This report analyzes the U.S. National Oceanic and Atmospheric Administration’s (NOAA) storm database, which tracks major weather events across the United States from 1950 to November 2011. The goal is to identify which types of severe weather events are most harmful to population health and which have the greatest economic consequences. The analysis shows that tornadoes are by far the most harmful event type with respect to fatalities and injuries combined. Excessive heat is the leading cause of fatalities alone, while tornadoes cause the most injuries. For economic damage, floods cause the greatest property damage overall, while droughts cause the most crop damage. These findings can help government agencies prioritize resources and preparedness efforts for the most impactful weather event types.

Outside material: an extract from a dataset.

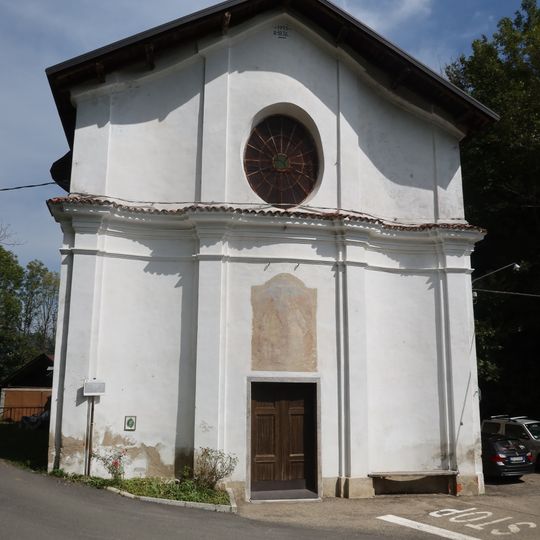 Chiesa di San Grato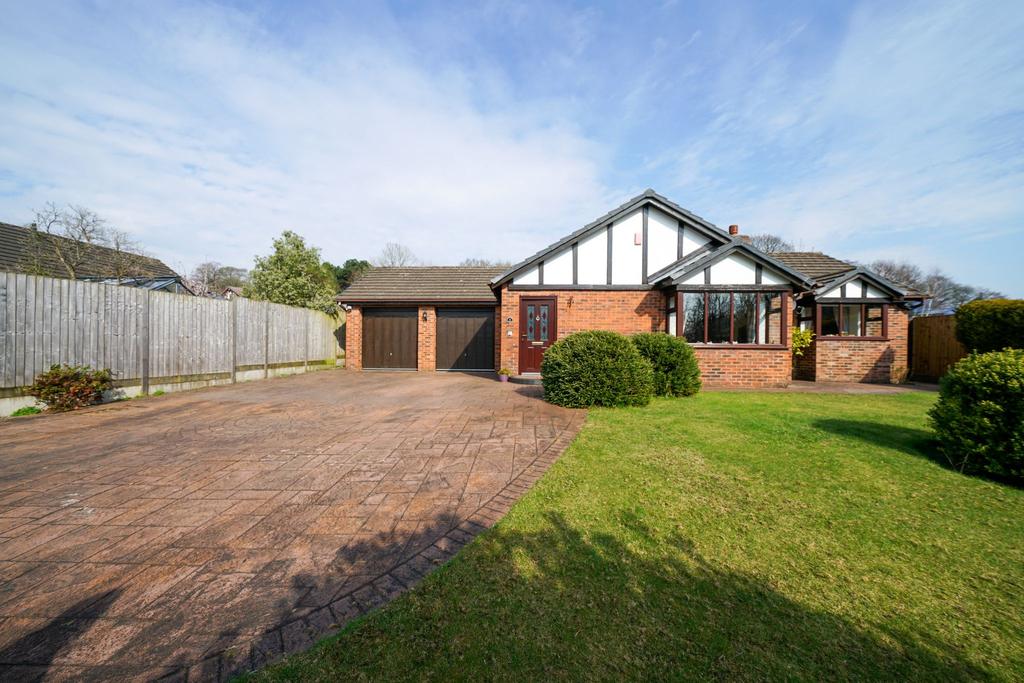 Barley Brook Meadow, Sharples... 2 bed detached bungalow £380,000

The data comes as a comma-separated-value file compressed via the
bzip2 algorithm. We load it directly using read.csv(),
which handles .bz2 files natively in R.
# Load the data directly from bz2 file
storm <- read.csv("repdata_data_StormData.csv.bz2", stringsAsFactors = FALSE)
# Basic exploration
dim(storm)
## [1] 902297 37
names(storm)
## [1] "STATE__" "BGN_DATE" "BGN_TIME" "TIME_ZONE" "COUNTY"
## [6] "COUNTYNAME" "STATE" "EVTYPE" "BGN_RANGE" "BGN_AZI"
## [11] "BGN_LOCATI" "END_DATE" "END_TIME" "COUNTY_END" "COUNTYENDN"
## [16] "END_RANGE" "END_AZI" "END_LOCATI" "LENGTH" "WIDTH"
## [21] "F" "MAG" "FATALITIES" "INJURIES" "PROPDMG"
## [26] "PROPDMGEXP" "CROPDMG" "CROPDMGEXP" "WFO" "STATEOFFIC"
## [31] "ZONENAMES" "LATITUDE" "LONGITUDE" "LATITUDE_E" "LONGITUDE_"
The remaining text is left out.